本発明は、銅或いは銅基合金板の表面に形成されたSnめっきをめっき剥離液にて剥離した後のSnめっき剥離廃液から銅を電解採取にて再利用可能な状態に効率良く回収する方法に関する。
銅或いは銅基合金は、鋳塊から熱間圧延、冷間圧延、焼鈍等の工程を経て、板材、条材、線材として仕上られた後、車載用、民生機器用または産業機器用の端子、バスバー、ばね等の通電部材に使用され、通電時の接触信頼性や耐食性を確保するためにも、その表面をめっき金属の中でも比較的安価なSnを適切な厚さでめっき処理して使用されるのが一般的である。
Snめっきが施された銅あるいは銅基合金においては、Snめっき後のリフロー処理や経時変化により、銅或いは銅基合金材料とSnめっきとの間、或いは、銅或いは銅基合金材料とSnめっきの間にCu下地めっきが施されている場合はCu下地めっきとSnめっきとの間に、主にCu6Sn5、Cu3Sn等の金属間化合物等からなるCuSn拡散層が形成され、また、Snめっきの最表面側で、CuSn拡散層の形成に消費されずに残っているSn層が形成されている場合が多い。
このようなSnめっきが施された銅或いは銅基合金材料が通電部材となるまでには、Snめっき後にスリット加工やプレス加工等が行われることが多く、その際に、スクラップが必ず発生する。
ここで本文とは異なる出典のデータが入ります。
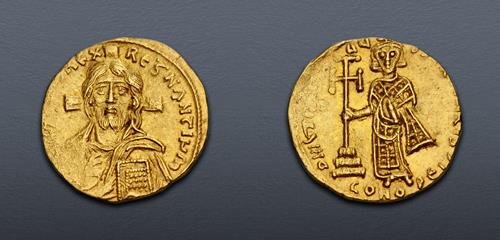 Lot 570 image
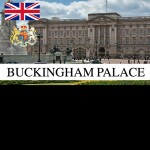 [UK] Buckingham Palace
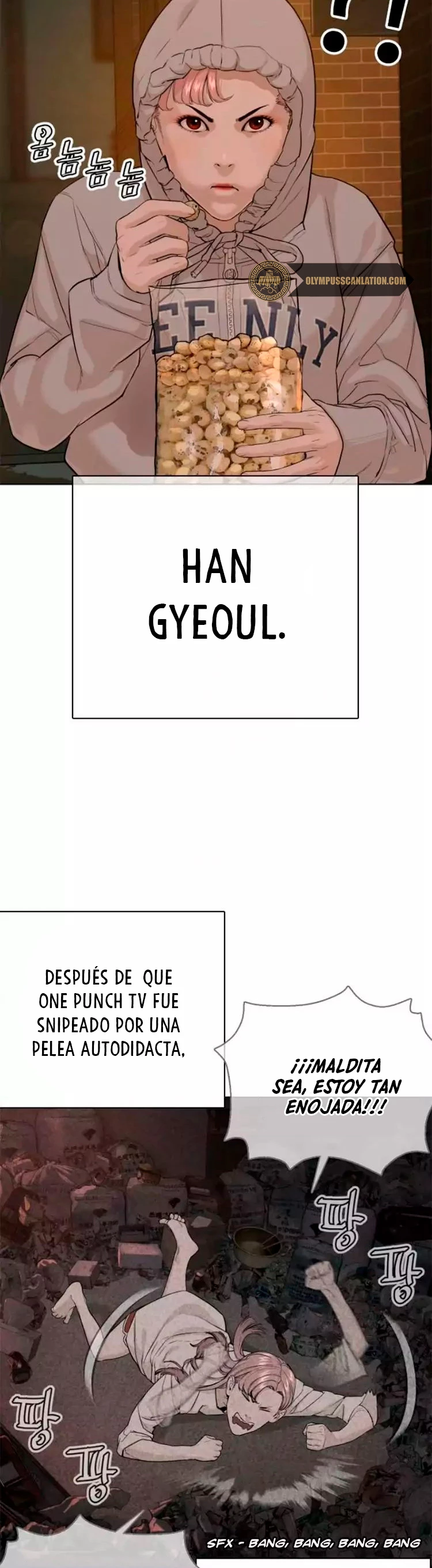 Como madrear > Capitulo 51 > Page 51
Snめっき層が残っているスクラップを元の銅或いは銅基合金の溶解・鋳造の原料として使用すると、めっきしたSnの分だけSn成分が多くなり、原料として再利用でき難くなるので、めっきしたSn分を剥離し除去することが必要となる。
Snめっきが形成された銅或いは銅基合金材料のスクラップから、Sn層及びCuSn拡散層を剥離する手段として、特許文献1には、銅基材の表面にSnめっき層が形成されたワークWからSnめっき層を剥離するに際して、ワークWを酸化性溶液中13に浸漬し、回転攪拌することによってワークW同士の重なりを無くし互いに擦り合わせながら、ワークWを陽極電解することにより、Snメッキした銅及び銅合金材からSnメッキ層を短時間で容易かつ確実に除去することができるSnメッキ剥離方法及びSnメッキ剥離装置が開示されており、剥離液としては、硫酸水溶液(例えば濃度71g/L)が用いられており、これに限らず例えば硝酸等の他の酸化性溶液を用いたものであってもよいと記載されている。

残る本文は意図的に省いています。